Exercise data ▸
*****

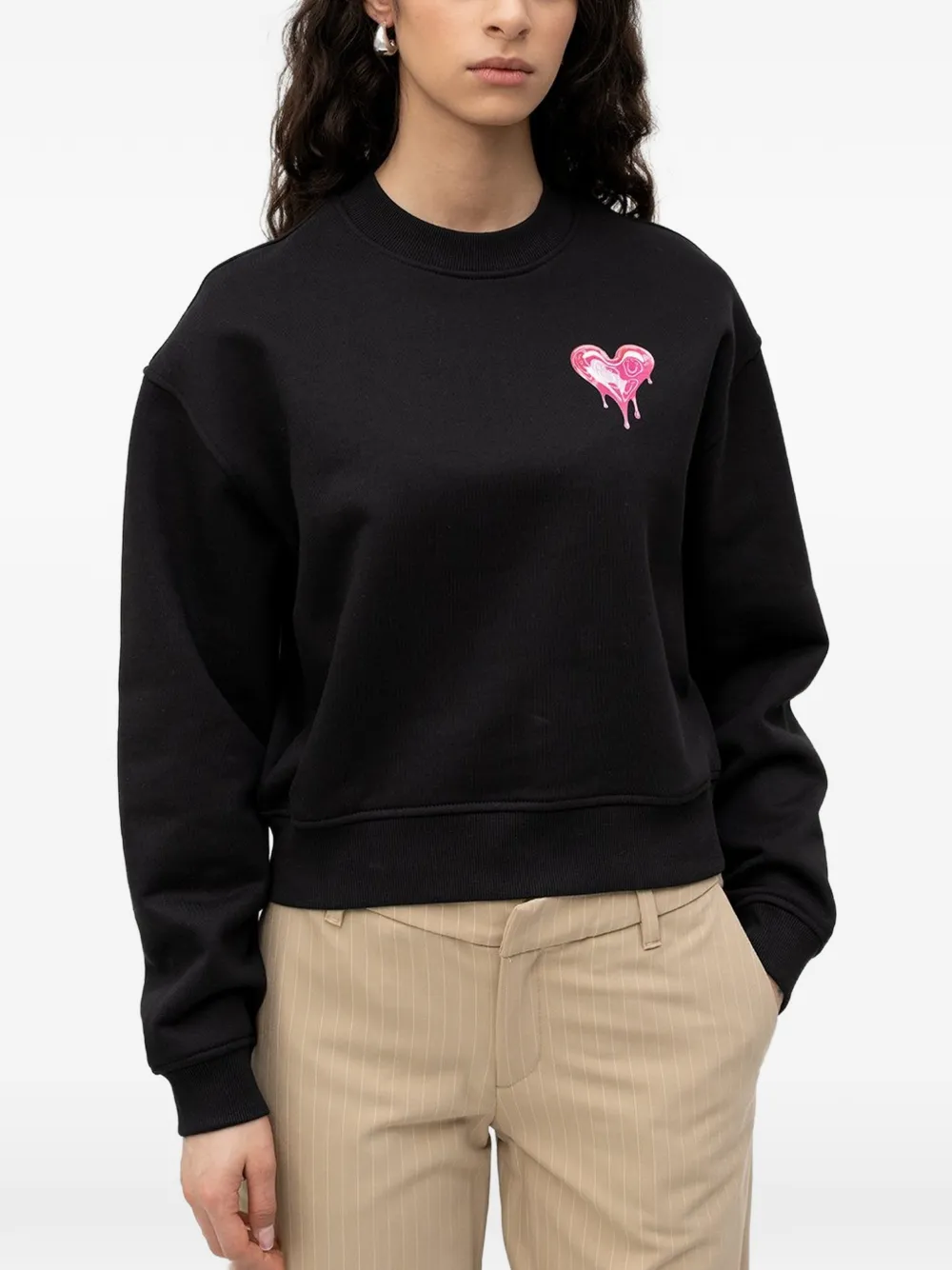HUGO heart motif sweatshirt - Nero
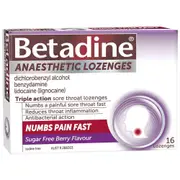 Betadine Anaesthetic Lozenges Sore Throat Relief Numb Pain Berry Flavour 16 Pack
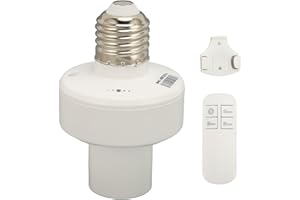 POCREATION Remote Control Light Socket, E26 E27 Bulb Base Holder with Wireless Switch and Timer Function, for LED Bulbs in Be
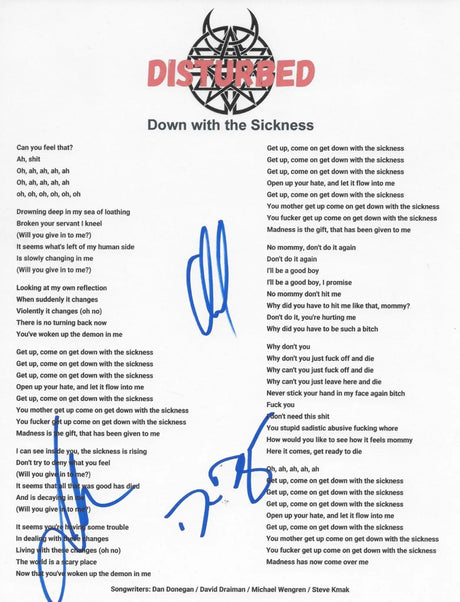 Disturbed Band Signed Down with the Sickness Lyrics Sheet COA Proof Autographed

*****

Action item ▸
Reproduce verbatim the lines of the material above, beginning with its first line and ending with the line that contains "POCREATION Remote Control"; skip pictures.

Your response ▸
HUGO heart motif sweatshirt - Nero
 Betadine Anaesthetic Lozenges Sore Throat Relief Numb Pain Berry Flavour 16 Pack
 POCREATION Remote Control Light Socket, E26 E27 Bulb Base Holder with Wireless Switch and Timer Function, for LED Bulbs in Be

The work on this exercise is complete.